------ EXTRACTED ENTRIES ------

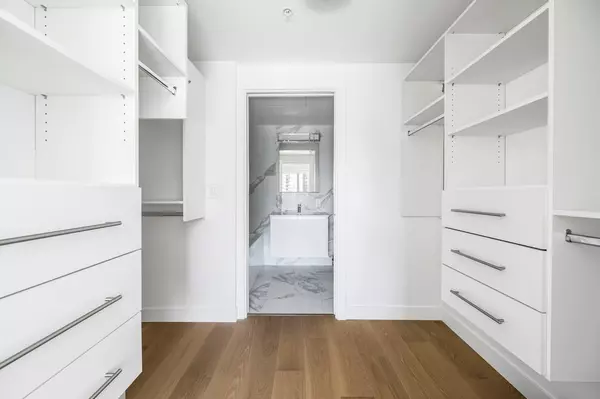 5766 Gilbert RD #802 Richmond, BC V6X 1B7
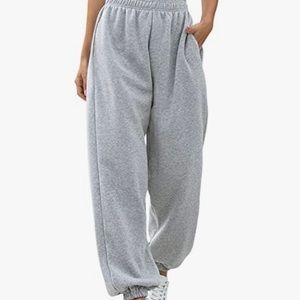 NWOT high-waisted grey sweatpants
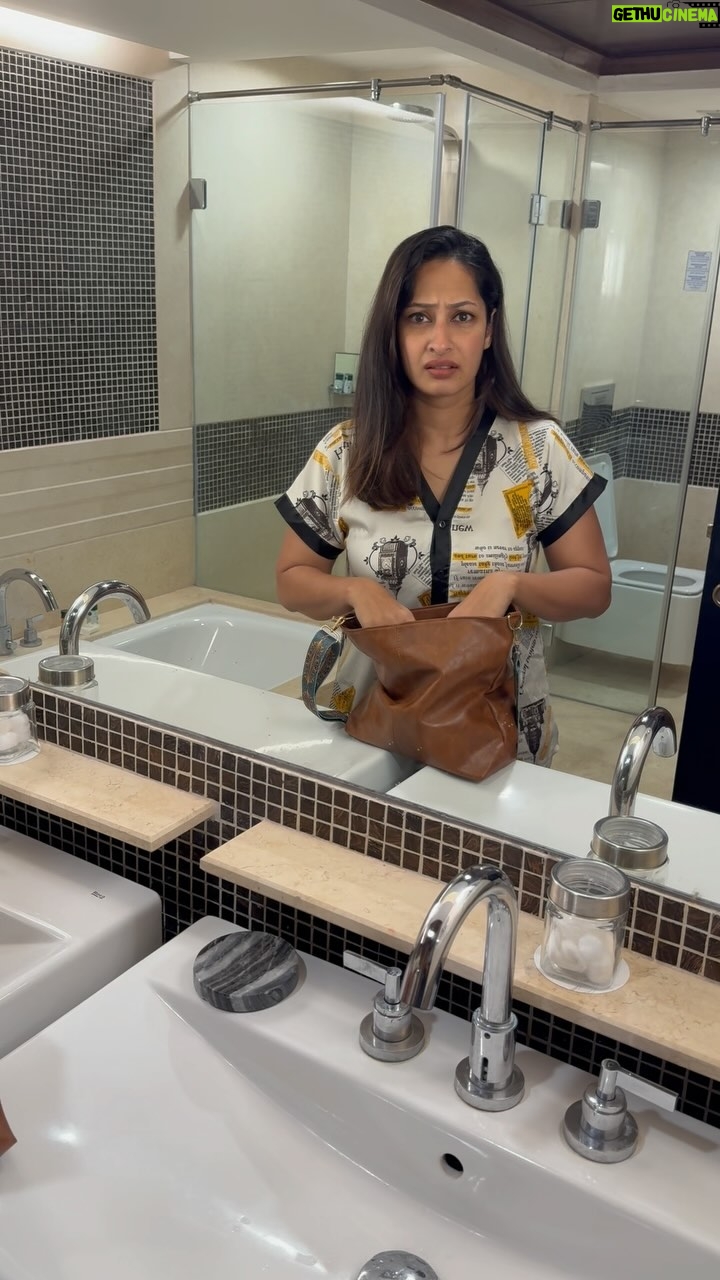 Priya Marathe - 24K Likes - ये आदत है बूरी 
फिर ना केहना sorry 
जनहित मे जारी.. 
Issued in d interest of Public Health.. 
इस film के सभी पात्र और घटनाऐ काल्पनिक है.. 😃
Location partner @thefernjaipur 
Travel partner @cleartrip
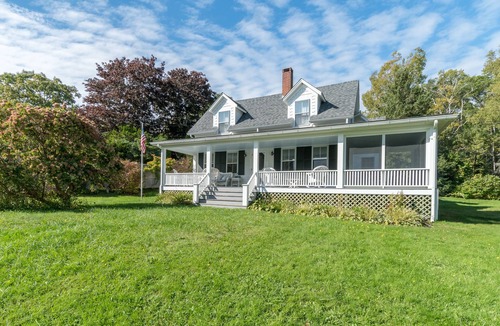 South Bristol Cottage | South Bristol, Updated Christmas Cove Cottage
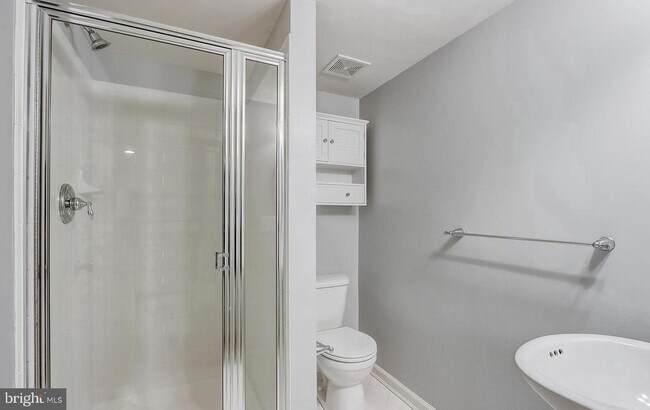 Building Photo - 1709 Hayle Dr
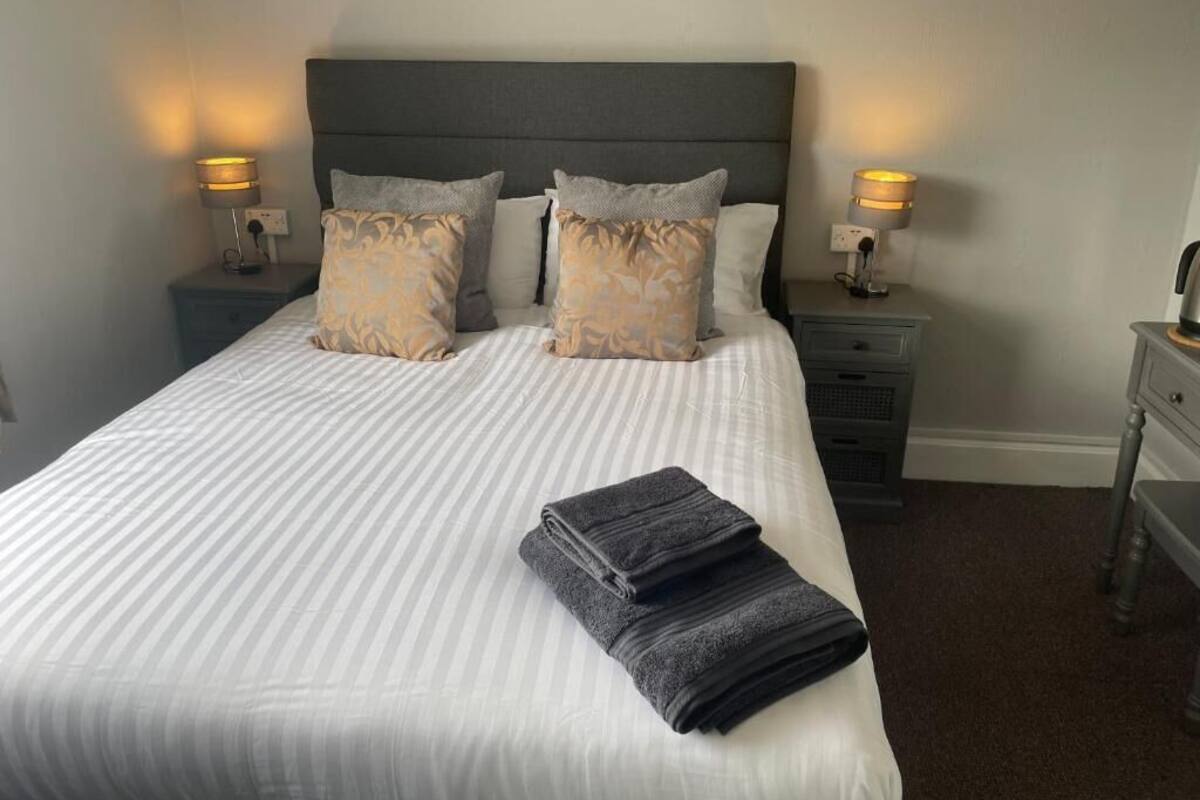 Standard Double Room | WiFi (free)
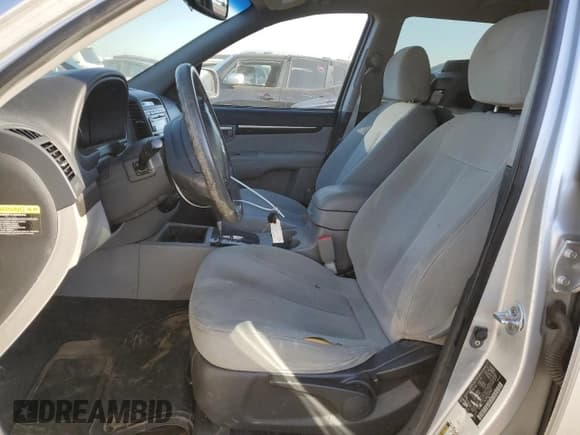 ✅ 2008 Hyundai Santa Fe GLS • VIN: 5NMSG73D38H202807 • Lot: 73045054. Listed on Copart with 122,054 mi. Free auction sales archive from the USA and detailed vehicle history report at DreamBid. Image 7.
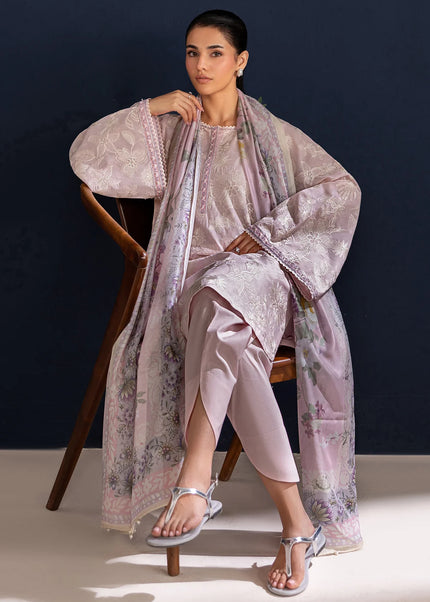 Baroque | Embroidered Lawn UF-4468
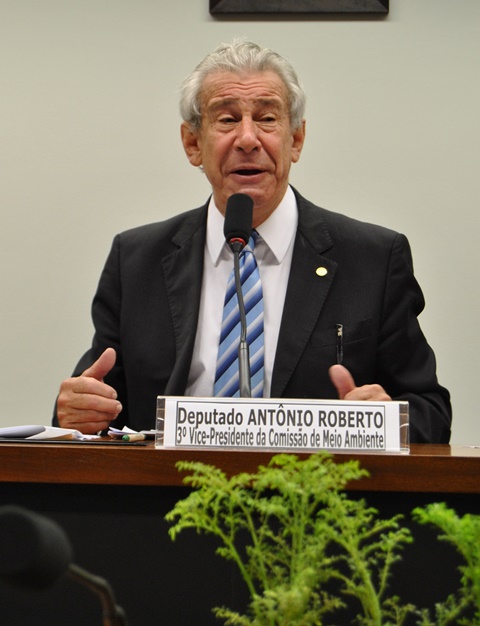 Deputado Antônio Roberto (PV/MG), 3º Vice-presidente da CMADS e um dos autores do debate.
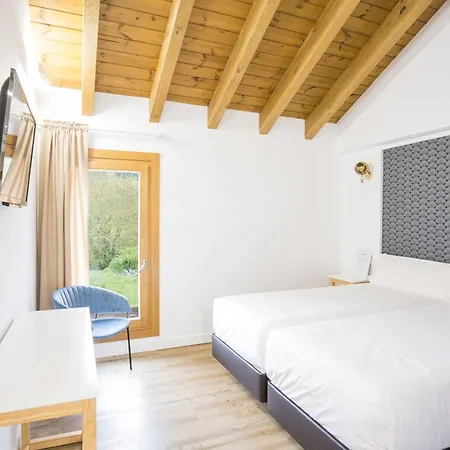 فندق Hotel Triacastela ترياكاستيلا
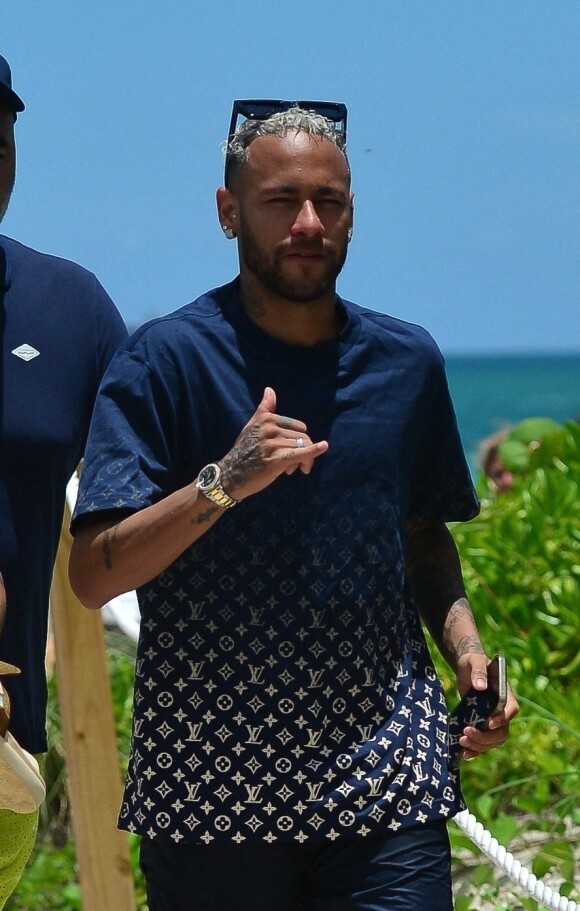 Neymar Jr. - Neymar Jr., sa compagne Bruna Biancardi, sa soeur Rafaella Santos et son compagnon profitent de la plage à Miami.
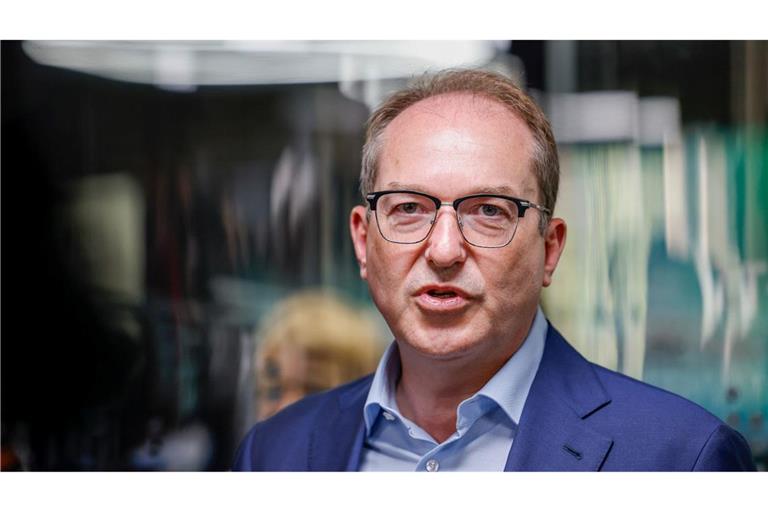 Bundesinnenminister Alexander Dobrindt (CSU) will mit Amtskollegen aus mehreren Nachbarstaaten über das Gemeinsame Europäische Asylsystem (GEAS) sprechen.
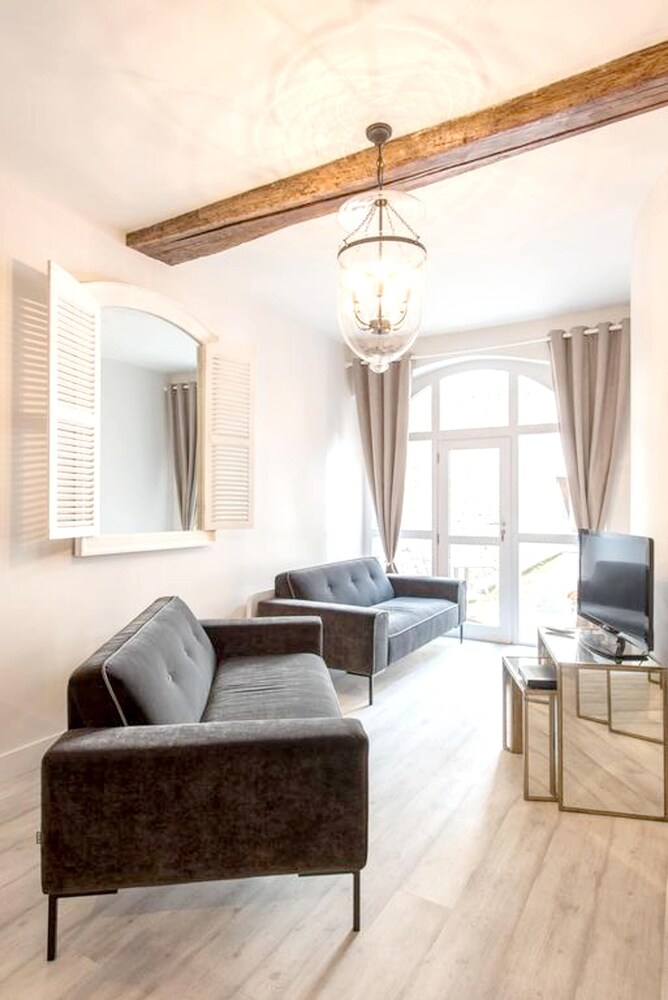 Apartment Le Logis de Gaspard — 4-Star Luxury Hotel in Beaune, France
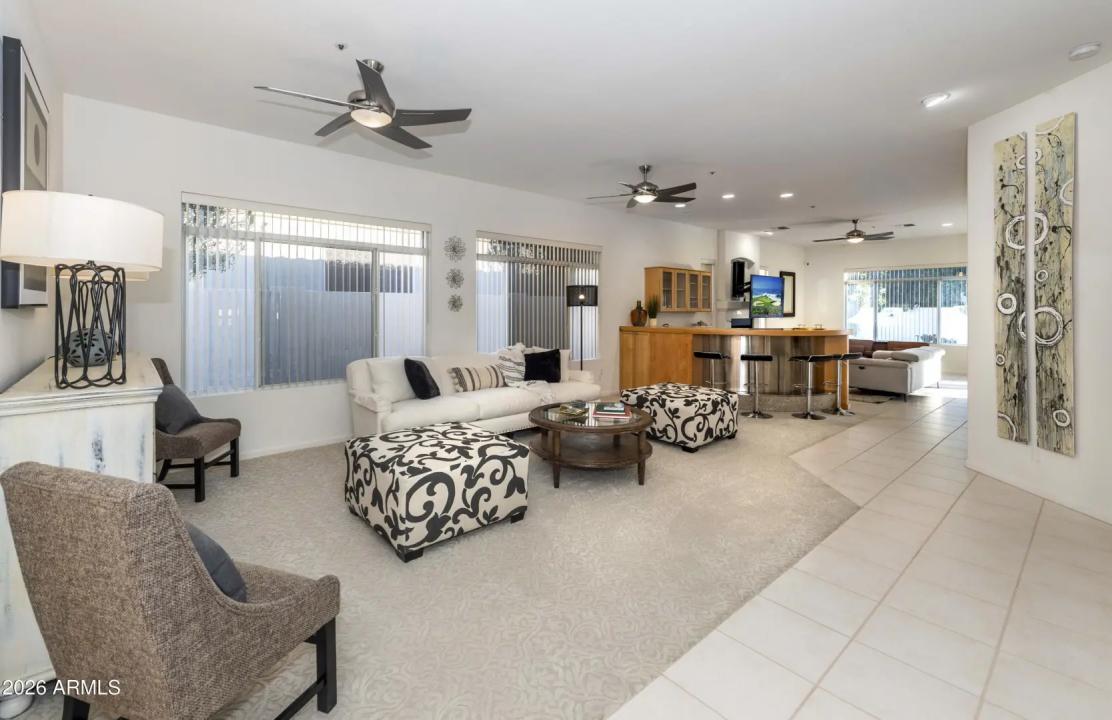 Real Estate Picture 11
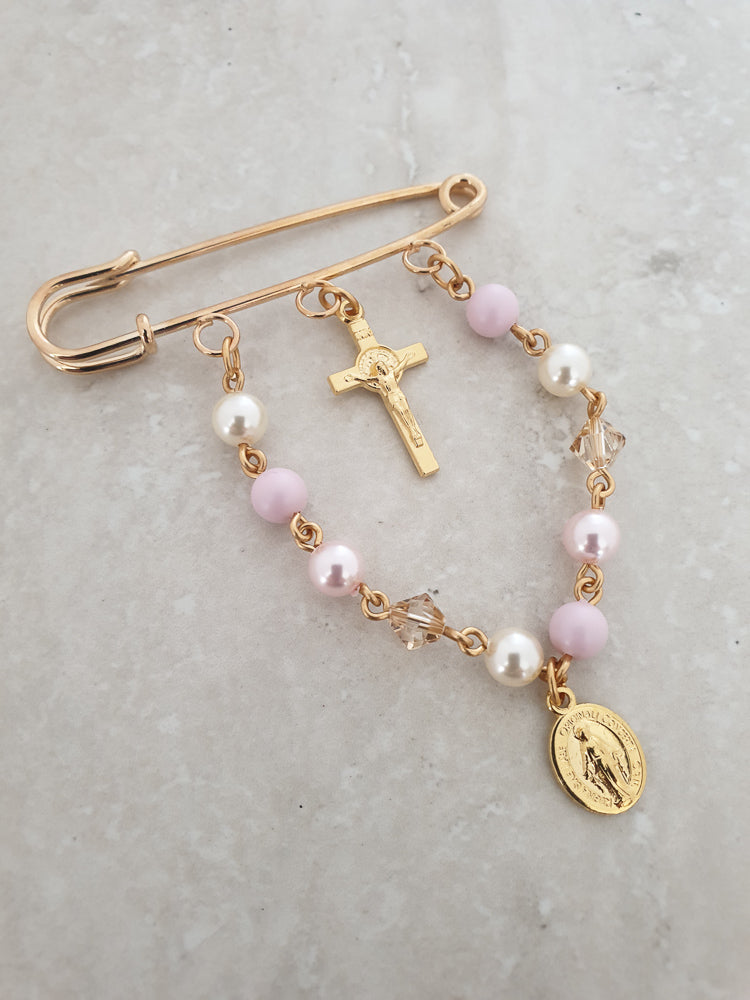 Anastasia Cot Pin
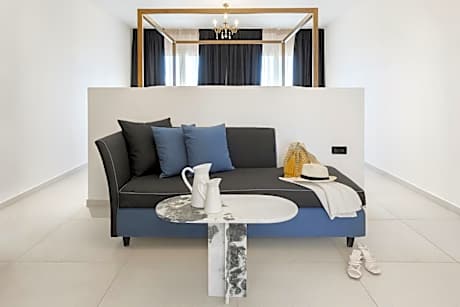 Superior Suite with Bathtub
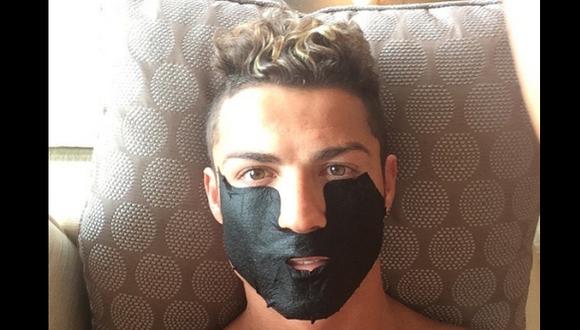 Cristiano Ronaldo publicó su foto con esta curiosa máscara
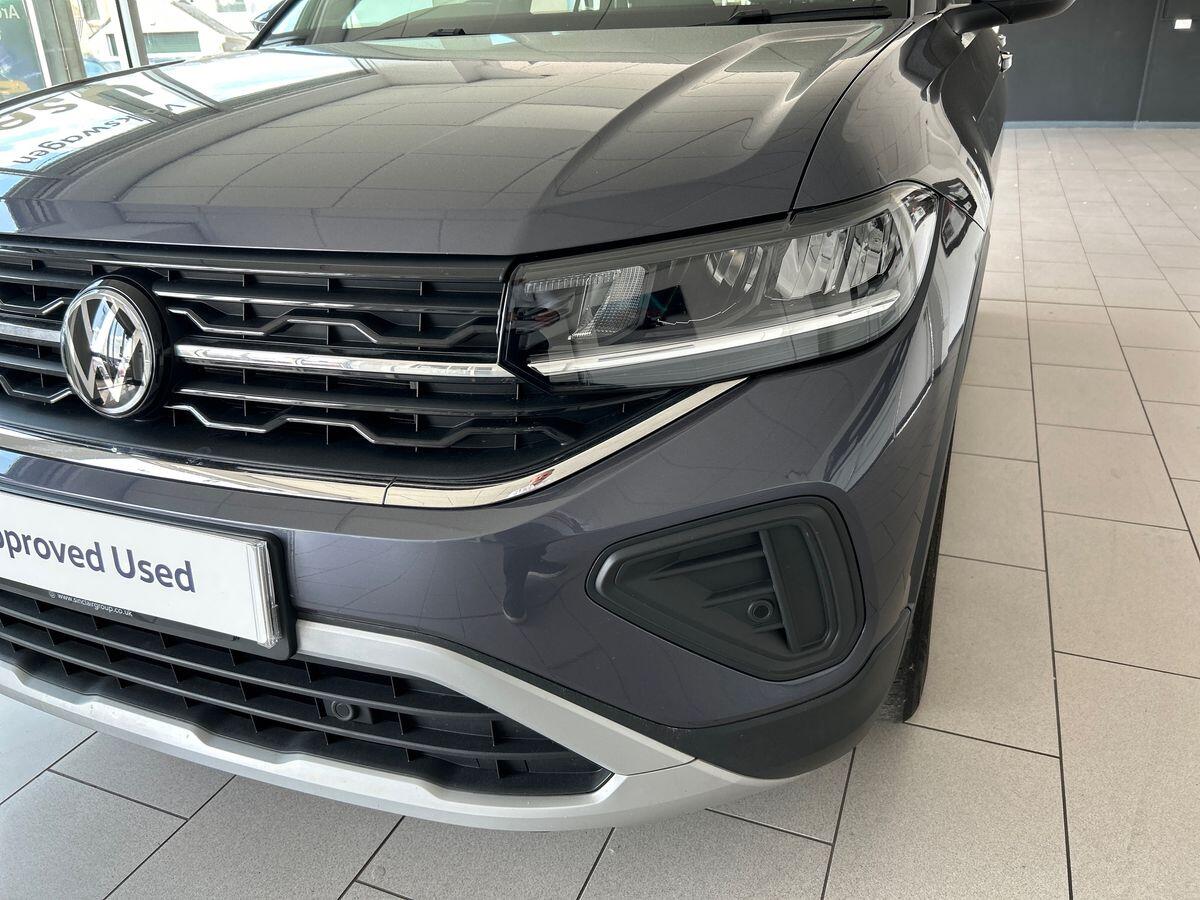Volkswagen T-cross Photo at-dd31aec5a8204d20ab00b7c8192e6be7.jpg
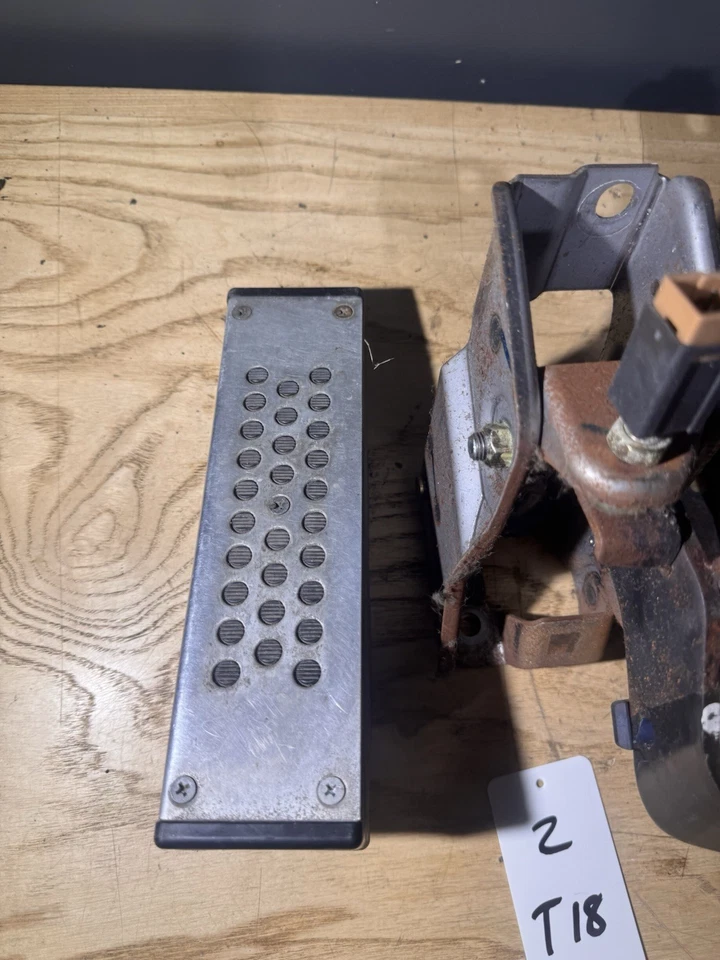 03-08 Nissan G35 350Z Manual Trans MT Brake And Clutch Pedal Set Oem - Image 2 of 4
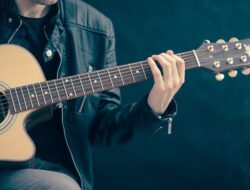 Arti Mimpi Melihat Gitar Terkait Perasaan Subjektif Arti Mimpi Melihat Gitar Terkait Perasaan Subjektif
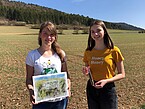 Über den ersten Platz beim Schulwettbewerb FUTURE MADE BY YOU der Universität Hohenheim freuen sich Melina Reckermann und Isabell Seibel aus der Klassenstufe 12 des Immanuel-Kant-Gymnasiums in Tuttlingen. | Bildquelle: Corina Reckermann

------

EXERCISE AIM
Please transcribe, word for word, every line from the one containing "Volkswagen T-cross Photo" through the last line of the records, both included, and leave the pictures out.

TASK ANSWER
Volkswagen T-cross Photo at-dd31aec5a8204d20ab00b7c8192e6be7.jpg
 03-08 Nissan G35 350Z Manual Trans MT Brake And Clutch Pedal Set Oem - Image 2 of 4
 Arti Mimpi Melihat Gitar Terkait Perasaan Subjektif Arti Mimpi Melihat Gitar Terkait Perasaan Subjektif
 Über den ersten Platz beim Schulwettbewerb FUTURE MADE BY YOU der Universität Hohenheim freuen sich Melina Reckermann und Isabell Seibel aus der Klassenstufe 12 des Immanuel-Kant-Gymnasiums in Tuttlingen. | Bildquelle: Corina Reckermann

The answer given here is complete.